Initialement publié sur Onirik.net le 9 juillet 2012.

Quatrième de couverture : L’an 570 après Ford. Le monde est enfin durable et uniformisé. Plus de crise environnementale, plus de guerre, plus de misère. La planète est devenue un Éden ultralibéral, une jungle luxuriante d’humains bigenrés.
Tout ne va pourtant pas pour le mieux. L’immortalité se paye au prix fort.
Entre une histoire d’amour impossible, une enquête policière déconcertante et un complot politique odieux, Le Soupir de l’immortel est un spectaculaire roman d’anticipation, foisonnant et déjanté.

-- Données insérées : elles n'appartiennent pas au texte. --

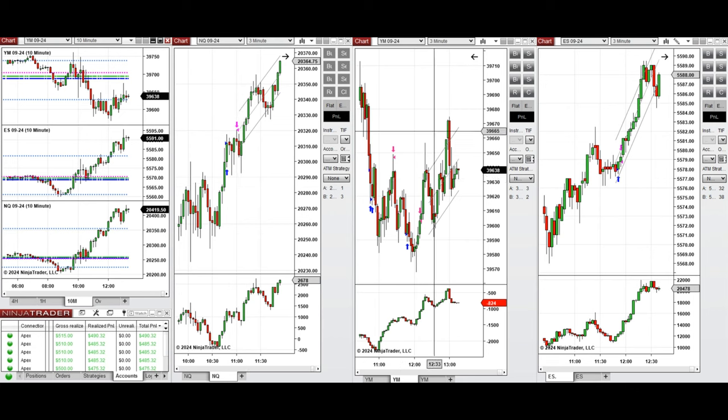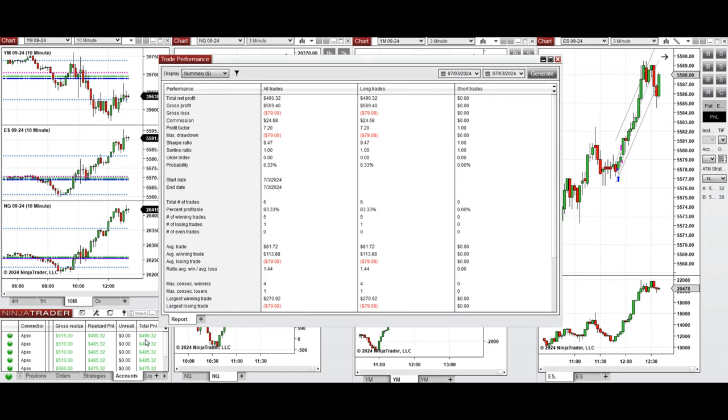We set up a T signal on Nasdaq, a B signal on Dow Jones, and a T signal on S&P 500. Because the market was open only half a day before the 4th of July holiday, and there was a Fed chairman speech with high volatility, I finished for the day early. All these signals were copied by the copy trader to multiple Apex Trader Funding accounts.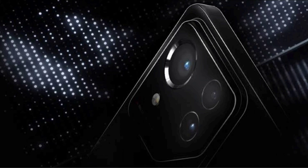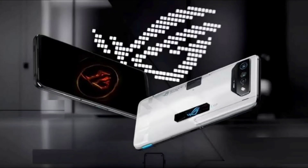The phone will also come with a bunch of accessories, such as a cooling fan, a gamepad, a wireless charger, and a protective case. The ROG Phone 8 is expected to launch on January 8, 2024, and the price is rumored to be around $600.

Antoine Buéno est un touche-à-tout au parcours atypique : chargé d’études au Sénat, enseignant, chroniqueur, écrivain prospectiviste et essayiste à qui il arrive même de se donner en spectacle sur scène. Il a surtout fait parler de lui en 2011 avec son Petit livre bleu : analyse critique et politique de la société des Schtroumpfs. De cet essai, qui a déchaîné les polémiqueurs et les médias, se dégage notamment une chose : l’auteur aime s’amuser à mêler sérieux et humour pour réveiller son lectorat, même si visiblement tout le monde n’est pas toujours sur sa longueur d’onde. Sorti plus discrètement en 2009, Le Soupir de l’immortel est un livre d’anticipation ambitieux qui aborde des thèmes bien plus graves, mais toujours avec cette arrière-pensée de titiller les méninges en usant bien volontiers d’un brin d’humour parfois très caustique.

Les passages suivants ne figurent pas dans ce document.